**Task goal:**
Reproduce each entry below exactly as it appears.

Short descriptive text snippets
____
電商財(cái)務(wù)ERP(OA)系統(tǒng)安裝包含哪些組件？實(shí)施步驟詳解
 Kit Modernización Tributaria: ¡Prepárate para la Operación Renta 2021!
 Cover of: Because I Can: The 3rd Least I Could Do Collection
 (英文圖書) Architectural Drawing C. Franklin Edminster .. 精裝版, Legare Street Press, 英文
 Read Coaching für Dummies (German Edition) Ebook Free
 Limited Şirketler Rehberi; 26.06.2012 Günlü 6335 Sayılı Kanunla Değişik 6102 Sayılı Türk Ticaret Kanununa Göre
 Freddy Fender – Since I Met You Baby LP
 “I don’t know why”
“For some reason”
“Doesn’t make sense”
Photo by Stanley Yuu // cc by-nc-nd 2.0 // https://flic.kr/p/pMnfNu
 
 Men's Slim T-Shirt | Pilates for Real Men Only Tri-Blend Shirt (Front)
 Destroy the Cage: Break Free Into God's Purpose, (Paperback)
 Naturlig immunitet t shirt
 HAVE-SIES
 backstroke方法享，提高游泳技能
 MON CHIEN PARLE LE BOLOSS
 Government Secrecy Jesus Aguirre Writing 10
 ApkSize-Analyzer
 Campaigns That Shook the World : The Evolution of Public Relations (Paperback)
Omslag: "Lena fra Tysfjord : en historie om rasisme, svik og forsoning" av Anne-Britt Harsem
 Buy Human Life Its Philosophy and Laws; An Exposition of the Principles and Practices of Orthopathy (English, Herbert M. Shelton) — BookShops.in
____
**Solution to this exercise:**
電商財(cái)務(wù)ERP(OA)系統(tǒng)安裝包含哪些組件？實(shí)施步驟詳解
 Kit Modernización Tributaria: ¡Prepárate para la Operación Renta 2021!
 Cover of: Because I Can: The 3rd Least I Could Do Collection
 (英文圖書) Architectural Drawing C. Franklin Edminster .. 精裝版, Legare Street Press, 英文
 Read Coaching für Dummies (German Edition) Ebook Free
 Limited Şirketler Rehberi; 26.06.2012 Günlü 6335 Sayılı Kanunla Değişik 6102 Sayılı Türk Ticaret Kanununa Göre
 Freddy Fender – Since I Met You Baby LP
 “I don’t know why”
“For some reason”
“Doesn’t make sense”
Photo by Stanley Yuu // cc by-nc-nd 2.0 // https://flic.kr/p/pMnfNu
 
 Men's Slim T-Shirt | Pilates for Real Men Only Tri-Blend Shirt (Front)
 Destroy the Cage: Break Free Into God's Purpose, (Paperback)
 Naturlig immunitet t shirt
 HAVE-SIES
 backstroke方法享，提高游泳技能
 MON CHIEN PARLE LE BOLOSS
 Government Secrecy Jesus Aguirre Writing 10
 ApkSize-Analyzer
 Campaigns That Shook the World : The Evolution of Public Relations (Paperback)
Omslag: "Lena fra Tysfjord : en historie om rasisme, svik og forsoning" av Anne-Britt Harsem
 Buy Human Life Its Philosophy and Laws; An Exposition of the Principles and Practices of Orthopathy (English, Herbert M. Shelton) — BookShops.in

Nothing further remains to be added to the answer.